その傷、縫ってもらおうか。オレんとこの医者だったら、何も聞かず治療してくれる」

教室に向かいながら、黒川が言った。

「…ありがとう、黒川くん。でも、大丈夫」

「利き手の人差し指じゃ、何するにも使うぜ。
くっついてはまたすぐ開いちまう。
俺に任せて」

いぶきは、足を止めて黒川を見た。

「黒川くん、ありがとう。だけど、私の事は放っておいて。
黒川くんも、学校にいられなくなってしまうかもしれないわ」

突き放したつもりだった。
だが、そんないぶきに黒川は、ニカっと笑って見せた。

「青山さん、そんなに訳アリかぁ。
ビックリするくらい、俺と一緒。

俺は、“緊急時は、理事長又は生徒会長一条拓人へ連絡の事”だ」

「…!」

黒川は、ハッとしたいぶきの肩をポンと叩いた。

「詳しいことは聞かないよ。
俺も話せないし。
でもさ、もし話したくなったら聞くよ。
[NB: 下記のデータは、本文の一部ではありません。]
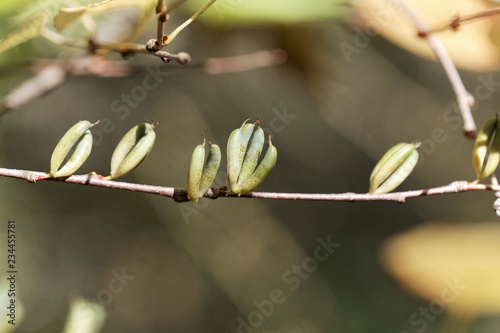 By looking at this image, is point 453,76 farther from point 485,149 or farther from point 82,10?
point 82,10

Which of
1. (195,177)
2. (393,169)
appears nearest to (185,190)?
(195,177)

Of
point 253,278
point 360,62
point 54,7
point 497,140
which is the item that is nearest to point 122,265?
point 253,278

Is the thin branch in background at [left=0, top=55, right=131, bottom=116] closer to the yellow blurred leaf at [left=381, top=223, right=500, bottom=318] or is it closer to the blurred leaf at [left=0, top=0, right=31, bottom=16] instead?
the blurred leaf at [left=0, top=0, right=31, bottom=16]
俺の事、聞きたければ教えるから。

だから、俺の事、信用して?
その傷治療しよう?」


「クロ!青山!」


その時、丹下が廊下の向こうから保健室に向かって歩いてきた。

「青山、どうだ、大丈夫なのか?」

丹下が包帯の巻かれたいぶきの手を見て眉をひそめる。

「大丈夫。驚かせて、ごめんね、丹下くん」

「右手人差し指の先、スッパリだ。幸い深くはないけど、利き手だし、縫った方がいい。

うちの先生のとこ連れて行くよ」

黒川が丹下に尋ねた。

「いや…クロ、お前のところはマズイ。
一条先輩に、相談しよう」

「ううん、一条先輩にも黒川くんにも迷惑かけたくない。
これくらい大丈夫よ。ラップでぎゅっと押さえておけばなんとかなるし。

じゃ、私、帰るから」

男達がこれ以上何かを言い出す前に、ペコリと頭を下げていぶきは一人、早足で教室に戻った。